ISSN : 2266-6060

Déplacés

Paris, mai 2010.

Dans la plupart des situations, scrutés avec attention ou, au contraire, complètement ignorés, les panneaux sont parmi nous. Ils nomment des lieux, rappellent à l’ordre, indiquent des directions, gèrent des flux… Après plusieurs années d’étude en scriptopologie, nous savons combien leur composition graphique est largement impliquée dans l’action qu’ils sont sensés accomplir. Les couleurs comme les inscriptions sont soigneusement choisies et standardisées. Mais dans bien des cas, nous savons aussi que ça ne suffit pas. Pour que les entités circulantes atteignent leur destination sans trop de détours ou que les véhicules s’arrêtent à un “stop”, l’emplacement des panneaux est primordial. Ceux-ci n’effectueront l’action escomptée que si ils sont placés à des endroits spécifiques. Enfin, nous savons qu’une inscription ne fait pas que divulguer des informations. Un panneau agit : il transforme le lieu où il se trouve. C’est en plantant un panneau à proximité d’un virage qu’il devient “dangereux”.

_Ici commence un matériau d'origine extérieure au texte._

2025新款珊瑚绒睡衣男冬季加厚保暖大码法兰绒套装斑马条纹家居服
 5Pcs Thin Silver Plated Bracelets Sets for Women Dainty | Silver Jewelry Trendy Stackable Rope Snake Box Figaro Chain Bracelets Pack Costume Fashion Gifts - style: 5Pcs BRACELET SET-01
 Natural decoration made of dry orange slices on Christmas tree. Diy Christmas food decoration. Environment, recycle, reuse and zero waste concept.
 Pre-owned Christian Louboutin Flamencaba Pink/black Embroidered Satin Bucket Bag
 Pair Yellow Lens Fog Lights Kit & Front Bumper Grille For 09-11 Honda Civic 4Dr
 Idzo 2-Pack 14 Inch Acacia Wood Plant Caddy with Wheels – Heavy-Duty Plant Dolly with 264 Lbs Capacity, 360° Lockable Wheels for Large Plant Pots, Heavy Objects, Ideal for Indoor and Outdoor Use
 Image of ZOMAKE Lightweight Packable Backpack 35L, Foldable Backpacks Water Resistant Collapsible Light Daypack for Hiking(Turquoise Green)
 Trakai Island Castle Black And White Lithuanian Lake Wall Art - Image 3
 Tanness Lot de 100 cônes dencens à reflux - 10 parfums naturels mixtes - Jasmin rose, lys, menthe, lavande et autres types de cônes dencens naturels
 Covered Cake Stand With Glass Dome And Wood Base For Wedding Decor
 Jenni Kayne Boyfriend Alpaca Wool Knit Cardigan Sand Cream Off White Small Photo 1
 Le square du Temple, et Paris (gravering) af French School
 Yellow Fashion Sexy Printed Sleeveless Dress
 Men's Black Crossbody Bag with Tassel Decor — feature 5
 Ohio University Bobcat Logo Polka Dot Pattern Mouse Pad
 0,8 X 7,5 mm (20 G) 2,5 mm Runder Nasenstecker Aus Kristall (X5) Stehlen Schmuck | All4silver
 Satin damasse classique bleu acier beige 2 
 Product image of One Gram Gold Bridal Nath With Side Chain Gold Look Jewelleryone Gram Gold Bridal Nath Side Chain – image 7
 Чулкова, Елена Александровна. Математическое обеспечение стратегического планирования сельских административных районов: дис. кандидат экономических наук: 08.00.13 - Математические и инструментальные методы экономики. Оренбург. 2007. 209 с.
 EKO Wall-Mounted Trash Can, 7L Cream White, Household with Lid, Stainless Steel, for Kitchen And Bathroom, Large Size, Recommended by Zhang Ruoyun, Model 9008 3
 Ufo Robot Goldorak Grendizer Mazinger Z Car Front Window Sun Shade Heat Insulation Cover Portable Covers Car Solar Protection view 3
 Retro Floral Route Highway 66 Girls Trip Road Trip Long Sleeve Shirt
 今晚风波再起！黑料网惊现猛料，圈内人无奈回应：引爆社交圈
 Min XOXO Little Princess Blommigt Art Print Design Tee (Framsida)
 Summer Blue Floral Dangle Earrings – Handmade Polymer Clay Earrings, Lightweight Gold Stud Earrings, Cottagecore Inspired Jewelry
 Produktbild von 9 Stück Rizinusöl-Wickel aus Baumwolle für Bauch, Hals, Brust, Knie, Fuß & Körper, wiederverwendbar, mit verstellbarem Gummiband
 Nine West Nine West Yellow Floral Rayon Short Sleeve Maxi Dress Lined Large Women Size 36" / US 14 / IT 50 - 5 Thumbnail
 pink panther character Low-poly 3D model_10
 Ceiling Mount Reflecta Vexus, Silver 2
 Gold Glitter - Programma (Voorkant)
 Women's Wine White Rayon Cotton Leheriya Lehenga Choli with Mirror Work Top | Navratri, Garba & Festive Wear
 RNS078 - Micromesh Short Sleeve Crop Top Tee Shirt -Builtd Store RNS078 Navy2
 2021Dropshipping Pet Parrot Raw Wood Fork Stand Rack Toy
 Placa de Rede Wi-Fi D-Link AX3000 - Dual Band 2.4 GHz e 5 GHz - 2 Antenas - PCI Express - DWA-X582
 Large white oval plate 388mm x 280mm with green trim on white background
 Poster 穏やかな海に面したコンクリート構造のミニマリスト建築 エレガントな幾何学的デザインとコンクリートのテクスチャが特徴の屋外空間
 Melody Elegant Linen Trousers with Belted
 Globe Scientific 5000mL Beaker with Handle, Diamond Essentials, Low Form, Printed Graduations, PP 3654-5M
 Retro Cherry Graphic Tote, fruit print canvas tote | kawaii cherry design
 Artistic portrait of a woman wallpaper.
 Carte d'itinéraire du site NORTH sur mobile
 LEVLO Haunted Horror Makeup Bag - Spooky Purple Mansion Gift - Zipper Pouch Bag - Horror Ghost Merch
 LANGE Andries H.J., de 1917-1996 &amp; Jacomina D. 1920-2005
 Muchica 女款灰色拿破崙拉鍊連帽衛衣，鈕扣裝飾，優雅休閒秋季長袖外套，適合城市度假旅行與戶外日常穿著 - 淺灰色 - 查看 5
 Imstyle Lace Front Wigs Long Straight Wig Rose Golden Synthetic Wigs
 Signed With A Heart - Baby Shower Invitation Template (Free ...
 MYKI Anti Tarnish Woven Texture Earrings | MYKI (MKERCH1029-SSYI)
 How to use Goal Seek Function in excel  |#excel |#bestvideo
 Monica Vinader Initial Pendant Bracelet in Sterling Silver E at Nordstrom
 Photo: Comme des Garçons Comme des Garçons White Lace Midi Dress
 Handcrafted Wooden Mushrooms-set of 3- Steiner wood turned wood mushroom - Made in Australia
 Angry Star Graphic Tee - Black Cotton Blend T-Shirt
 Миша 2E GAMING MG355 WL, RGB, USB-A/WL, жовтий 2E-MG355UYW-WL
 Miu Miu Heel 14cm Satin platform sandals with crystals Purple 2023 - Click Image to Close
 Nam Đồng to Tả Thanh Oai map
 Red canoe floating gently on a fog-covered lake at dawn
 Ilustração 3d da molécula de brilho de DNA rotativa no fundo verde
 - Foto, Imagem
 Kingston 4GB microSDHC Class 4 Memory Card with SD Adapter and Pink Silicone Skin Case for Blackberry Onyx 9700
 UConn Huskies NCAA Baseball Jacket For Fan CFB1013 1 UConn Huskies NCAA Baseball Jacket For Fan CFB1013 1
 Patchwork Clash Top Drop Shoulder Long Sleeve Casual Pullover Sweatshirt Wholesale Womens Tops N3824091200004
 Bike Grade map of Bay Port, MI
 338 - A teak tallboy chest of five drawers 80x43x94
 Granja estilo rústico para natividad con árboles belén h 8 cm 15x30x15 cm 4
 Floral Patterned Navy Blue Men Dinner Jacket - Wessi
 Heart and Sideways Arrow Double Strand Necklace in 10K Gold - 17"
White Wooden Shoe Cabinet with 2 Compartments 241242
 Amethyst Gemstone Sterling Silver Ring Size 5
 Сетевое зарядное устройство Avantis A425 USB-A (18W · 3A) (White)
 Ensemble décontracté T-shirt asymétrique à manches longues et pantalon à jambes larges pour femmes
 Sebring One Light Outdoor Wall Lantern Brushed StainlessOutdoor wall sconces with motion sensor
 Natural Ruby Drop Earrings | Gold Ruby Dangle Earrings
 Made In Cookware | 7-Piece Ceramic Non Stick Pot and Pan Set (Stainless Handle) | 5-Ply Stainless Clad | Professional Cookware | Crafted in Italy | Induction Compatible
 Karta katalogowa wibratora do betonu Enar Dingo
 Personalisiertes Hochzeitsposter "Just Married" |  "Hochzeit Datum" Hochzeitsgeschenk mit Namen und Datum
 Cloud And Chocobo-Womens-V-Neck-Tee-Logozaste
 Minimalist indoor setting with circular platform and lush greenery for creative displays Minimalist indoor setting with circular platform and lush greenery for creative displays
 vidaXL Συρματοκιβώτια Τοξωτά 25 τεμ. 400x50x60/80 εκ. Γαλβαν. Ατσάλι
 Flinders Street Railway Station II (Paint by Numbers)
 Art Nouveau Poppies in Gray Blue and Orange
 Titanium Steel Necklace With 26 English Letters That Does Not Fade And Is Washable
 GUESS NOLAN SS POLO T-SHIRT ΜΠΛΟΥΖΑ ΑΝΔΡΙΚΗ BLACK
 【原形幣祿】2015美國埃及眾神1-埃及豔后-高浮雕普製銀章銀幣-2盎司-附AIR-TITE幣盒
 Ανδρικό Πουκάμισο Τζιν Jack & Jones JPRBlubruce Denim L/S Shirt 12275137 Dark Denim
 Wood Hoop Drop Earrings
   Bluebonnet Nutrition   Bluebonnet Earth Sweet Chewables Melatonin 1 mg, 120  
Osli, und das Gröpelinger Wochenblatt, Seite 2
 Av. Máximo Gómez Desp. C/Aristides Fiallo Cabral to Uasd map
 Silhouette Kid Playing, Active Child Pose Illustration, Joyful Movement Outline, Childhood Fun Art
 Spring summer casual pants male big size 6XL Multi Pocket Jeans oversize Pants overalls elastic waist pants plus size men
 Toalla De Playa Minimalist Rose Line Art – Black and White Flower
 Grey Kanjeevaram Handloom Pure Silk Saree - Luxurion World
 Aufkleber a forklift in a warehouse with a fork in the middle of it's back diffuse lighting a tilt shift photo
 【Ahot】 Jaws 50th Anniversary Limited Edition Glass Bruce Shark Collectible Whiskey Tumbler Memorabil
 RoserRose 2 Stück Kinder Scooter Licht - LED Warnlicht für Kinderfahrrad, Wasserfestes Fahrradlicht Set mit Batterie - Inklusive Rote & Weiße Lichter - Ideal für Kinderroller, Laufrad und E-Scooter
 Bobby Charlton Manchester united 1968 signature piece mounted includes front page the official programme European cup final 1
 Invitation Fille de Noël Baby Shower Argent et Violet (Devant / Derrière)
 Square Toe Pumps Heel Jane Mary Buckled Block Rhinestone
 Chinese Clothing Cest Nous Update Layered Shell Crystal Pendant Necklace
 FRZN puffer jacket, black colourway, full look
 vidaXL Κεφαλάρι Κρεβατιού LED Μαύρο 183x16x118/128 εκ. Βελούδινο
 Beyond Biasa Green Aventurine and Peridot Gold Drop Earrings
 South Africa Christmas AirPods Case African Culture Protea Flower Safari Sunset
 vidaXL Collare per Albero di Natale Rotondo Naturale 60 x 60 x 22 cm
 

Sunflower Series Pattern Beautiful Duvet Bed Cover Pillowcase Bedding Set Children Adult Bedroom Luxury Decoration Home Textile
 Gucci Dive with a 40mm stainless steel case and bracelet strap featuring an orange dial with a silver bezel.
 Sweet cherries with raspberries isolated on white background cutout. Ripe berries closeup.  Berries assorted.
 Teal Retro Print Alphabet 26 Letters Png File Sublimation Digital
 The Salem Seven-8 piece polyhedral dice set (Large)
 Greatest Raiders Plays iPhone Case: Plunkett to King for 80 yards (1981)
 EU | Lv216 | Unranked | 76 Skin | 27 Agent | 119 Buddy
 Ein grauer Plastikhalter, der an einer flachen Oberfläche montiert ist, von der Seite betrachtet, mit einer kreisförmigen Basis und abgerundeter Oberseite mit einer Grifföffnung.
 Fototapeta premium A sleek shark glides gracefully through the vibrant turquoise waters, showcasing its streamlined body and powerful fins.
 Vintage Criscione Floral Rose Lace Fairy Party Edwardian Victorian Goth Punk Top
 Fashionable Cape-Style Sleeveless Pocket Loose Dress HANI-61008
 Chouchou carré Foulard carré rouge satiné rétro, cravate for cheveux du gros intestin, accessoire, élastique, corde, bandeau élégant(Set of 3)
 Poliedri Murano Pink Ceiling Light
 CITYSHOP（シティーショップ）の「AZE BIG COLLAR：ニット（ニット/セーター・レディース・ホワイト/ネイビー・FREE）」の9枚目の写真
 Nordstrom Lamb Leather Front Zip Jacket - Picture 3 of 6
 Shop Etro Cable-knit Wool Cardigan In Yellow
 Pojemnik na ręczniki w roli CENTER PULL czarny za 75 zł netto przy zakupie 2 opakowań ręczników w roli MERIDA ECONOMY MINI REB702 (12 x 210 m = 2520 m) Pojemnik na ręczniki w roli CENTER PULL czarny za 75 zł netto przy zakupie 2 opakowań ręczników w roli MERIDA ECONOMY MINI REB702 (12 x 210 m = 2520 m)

Que dire alors de ces panneaux présentés de dos ? Premier réflexe : c’est un stock. Ils sont là en attente d’être posés à divers endroits d’un site avec de nouvelles voies de circulation. Deuxième réflexe : ils constituent une réserve, toujours prêts à venir remplacer d’autres panneaux déjà en place qui s’usent ou sont régulièrement endommagés. L’ensemble ne prend donc sens qu’en relation avec d’autres panneaux et un autre lieu. Certes. Pourtant dans le cas présent, ils ne signalent pas seulement ce que désignent les inscriptions qu’ils portent. Déplacés dans une salle d’exposition, les panneaux sont posés là pour rappeler la polémique qui concerne la construction d’un barrage et le nom des lieux qu’il noie. Les panneaux sont donc eux-mêmes transformés : tournant le dos aux visiteurs, leur action est toujours d’indiquer quelque chose. Ils restent cependant muets pour nous transporter dans le souvenir et nous faire réagir face à l’oubli. Puis, photographiés par un scriptopolien, ils sont déplacés une nouvelle fois, intégrés au réseau des nombreux panneaux que nous examinons sur ce blog, servant ainsi de matière à réflexion sur les mondes de l’écrit.